We’d like to recognize Steffen Kläbe, a Research Engineer at Actian in llmenau (Thuringia, Germany). He attended the 2023 joint conference by EDBT/ICDT in Greece, one of the top database conferences worldwide, where he presented two research papers. For his research on Patched Multi-Key Partitioning for Robust Query Performance he received an award for Best Paper. In the research community, this award is quite a success.
View the abstract:
“Data partitioning is the key for parallel query processing in modern analytical database systems. Choosing the right partitioning key for a given dataset is a difficult task and crucial for query performance. Real world data warehouses contain a large amount of tables connected in complex schemes resulting in an overwhelming amount of partition key candidates. In this paper, we present the approach of patched multi-key partitioning, allowing to define multiple partition keys simultaneously without data replication. The key idea is to map the relational table partitioning problem to a graph partition problem in order to use existing graph partitioning algorithms to find connectivity components in the data and maintain exceptions (patches) to the partitioning separately. We show that patched multi-key partitioning offer opportunities for achieving robust query performance, i.e. reaching reasonably good performance for many queries instead of optimal performance for only a few queries.”
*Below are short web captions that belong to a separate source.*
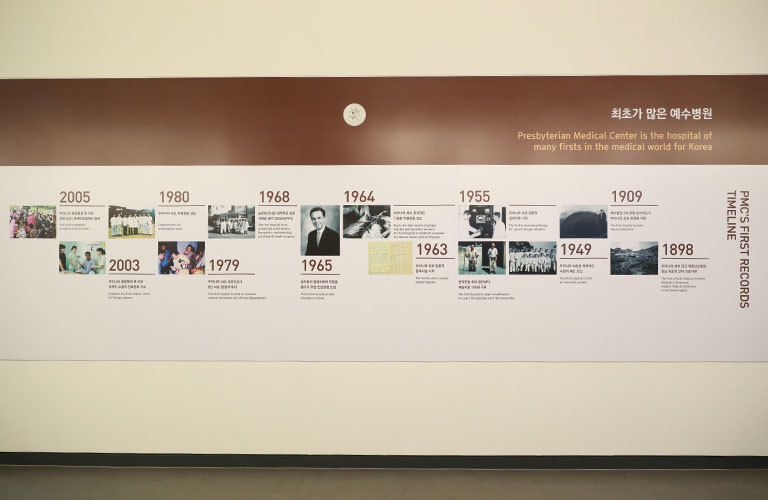 3F. 구바울기념의학박물관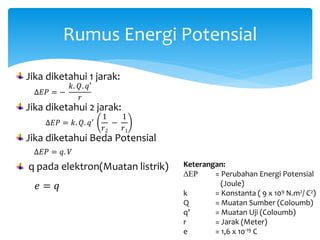 Rumus Energi Potensial
Jika diketahui 1 jarak:
Jika diketahui 2 jarak:
Jika diketahui Beda Potensial
∆𝐸𝑃 = 𝑘. 𝑄. 𝑞′
1
𝑟2
−
1
𝑟1
∆𝐸𝑃 = −
𝑘. 𝑄. 𝑞′
𝑟
∆𝐸𝑃 = 𝑞. 𝑉
Keterangan:
ΔEP = Perubahan Energi Potensial
(Joule)
k = Konstanta ( 9 x 109 N.m2/ C2)
Q = Muatan Sumber (Coloumb)
q’ = Muatan Uji (Coloumb)
r = Jarak (Meter)
e = 1,6 x 10-19 C
q pada elektron(Muatan listrik)
𝑒 = 𝑞
 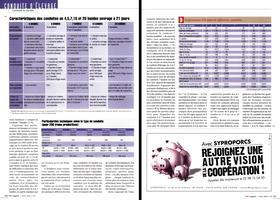 Page 100 et 101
Kläbe’s additional paper Exploration of Approaches for In-Database ML covers the increasing role of integrating ML models with specialized frameworks for classification or prediction.
View the abstract:
“Database systems are no longer used only for the storage of plain structured data and basic analyses. An increasing role is also played by the integration of ML models, e.g., neural networks with specialized frameworks, and their use for classification or prediction. However, using such models on data stored in a database system might require downloading the data and performing the computations outside. In this paper, we evaluate approaches for integrating the ML inference step as a special query operator – the ModelJoin. We explore several options for this integration on different abstraction levels: relational representation of the models as well as SQL queries for inference, the use of UDFs, the use of APIs to existing ML runtimes and a native implementation of the ModelJoin as a query operator supporting both CPU and GPU execution. Our evaluation results show that integrating ML runtimes over APIs perform similarly to a native operator while being generic to support arbitrary model types. The solution of relational representation and SQL queries is most portable and works well for smaller inputs without any changes needed in the database engine.”
Congratulations, Steffan! We look forward to seeing more of your wins and research in the future.